- **Directions for this task**:
In your answer, set down the records below exactly as they stand, omitting pictures.

(Data items)
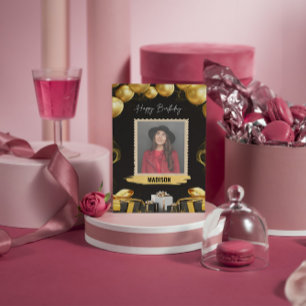 Gold & Black Balloons und Präsentationen Karte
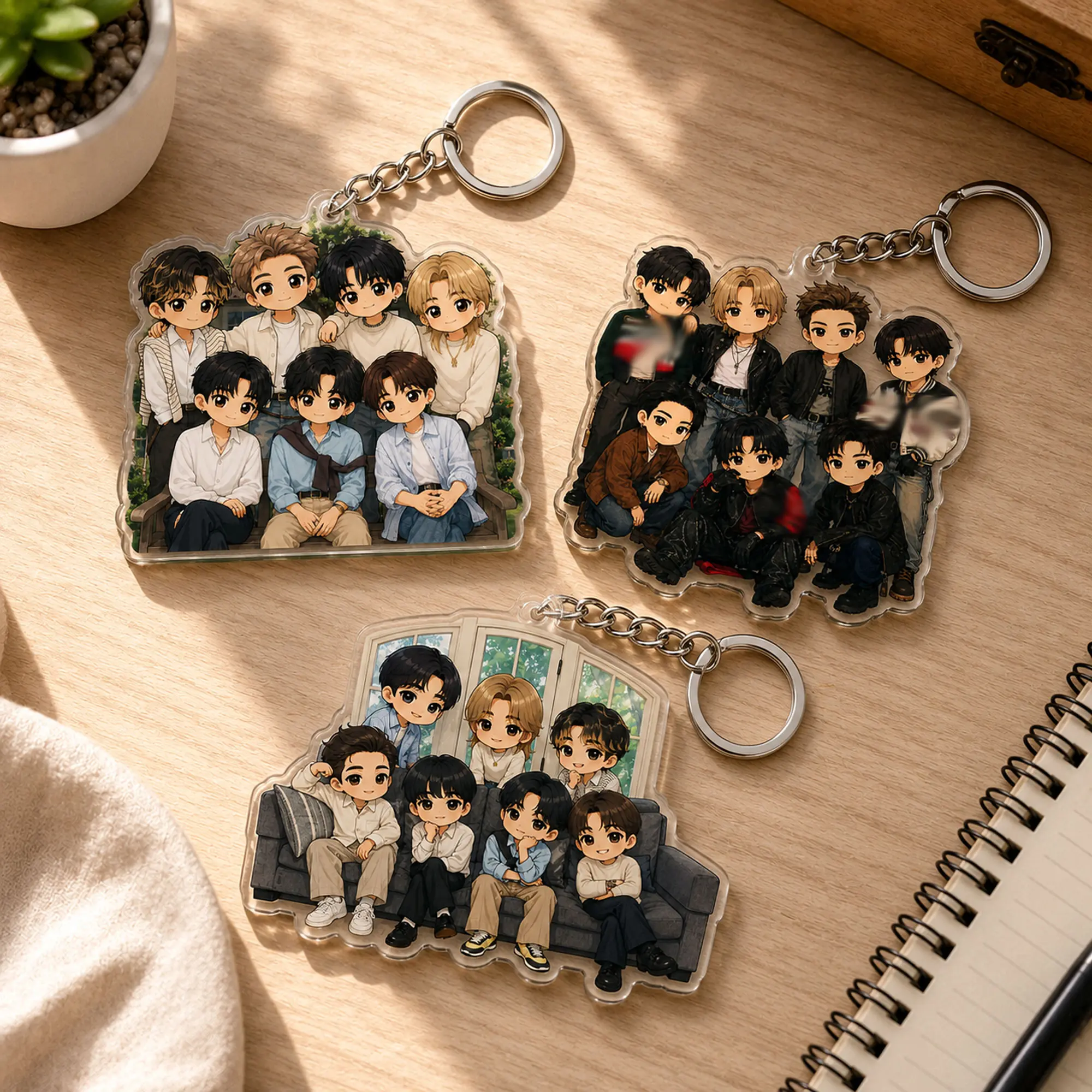 Cute Chibi Kpop Boyband Acrylic Keychain , OT7 Cartoon Figure Backpack Charm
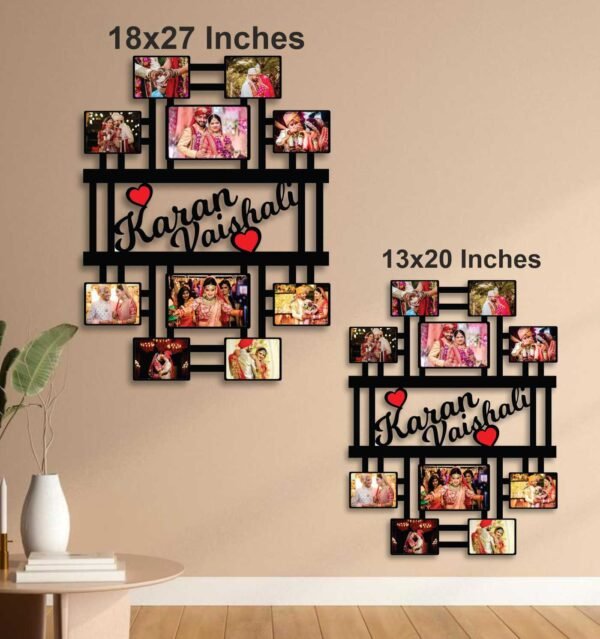 Customized Couple Collage Frame with 10 Photos and Name - Image 2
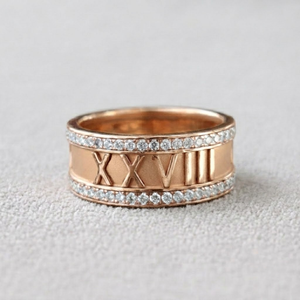 แหวนทองคำ 14K ประดับเพชรแบบ Pave ตัวเลขโรมัน รับรองโดย IGI วงกว้าง เหมาะสำหรับวันครบรอบและงานปาร์ตี้ - Product Image 3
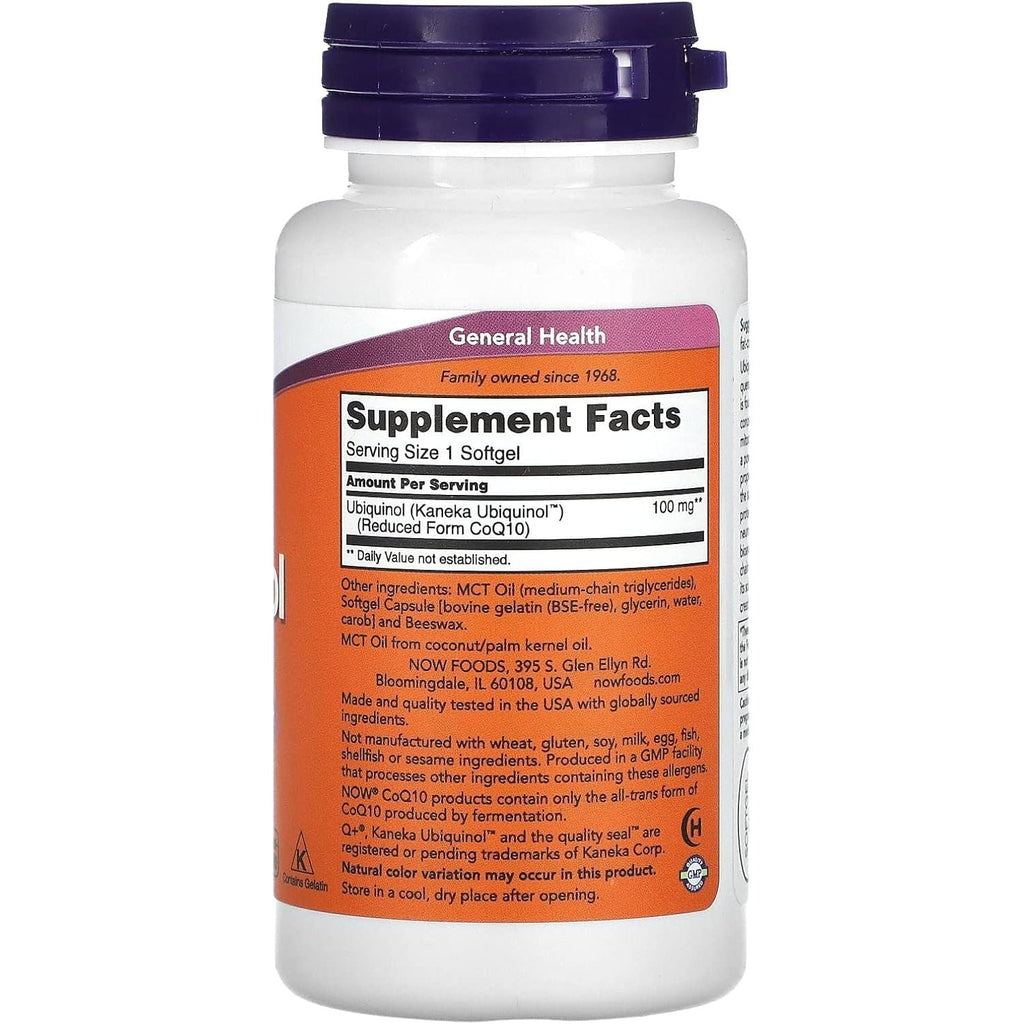 Buy now NOW Foods Supplements, Ubiquinol 100 mg, High Bioavailability (the Active Form of CoQ10), 60 Softgels at indiglob india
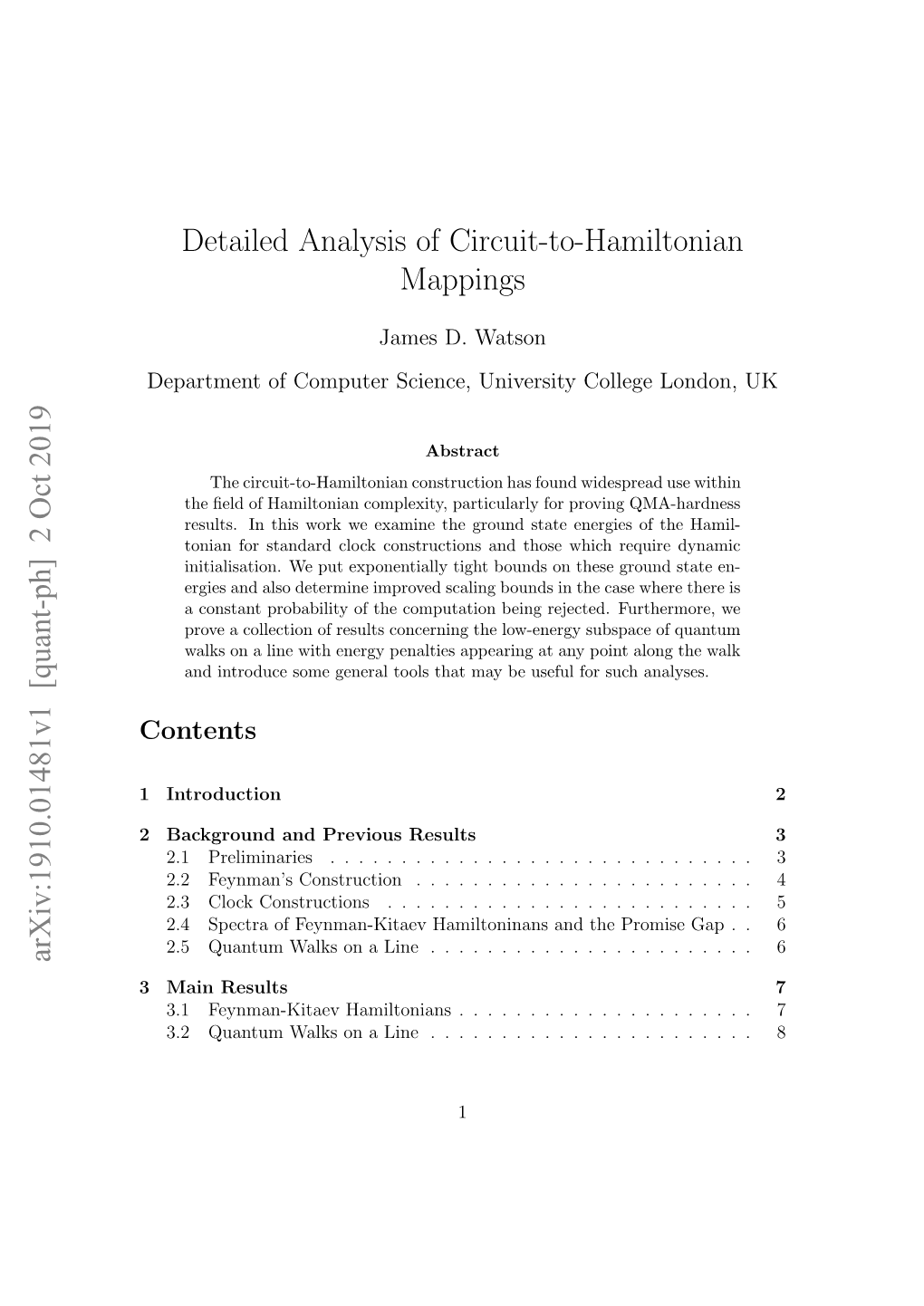 Detailed Analysis of Circuit-To-Hamiltonian Mappings Arxiv:1910.01481V1 [Quant-Ph] 2 Oct 2019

- **Output of the exercise**:
 Gold & Black Balloons und Präsentationen Karte
 Cute Chibi Kpop Boyband Acrylic Keychain , OT7 Cartoon Figure Backpack Charm
 Customized Couple Collage Frame with 10 Photos and Name - Image 2
 แหวนทองคำ 14K ประดับเพชรแบบ Pave ตัวเลขโรมัน รับรองโดย IGI วงกว้าง เหมาะสำหรับวันครบรอบและงานปาร์ตี้ - Product Image 3
 Buy now NOW Foods Supplements, Ubiquinol 100 mg, High Bioavailability (the Active Form of CoQ10), 60 Softgels at indiglob india
 Detailed Analysis of Circuit-To-Hamiltonian Mappings Arxiv:1910.01481V1 [Quant-Ph] 2 Oct 2019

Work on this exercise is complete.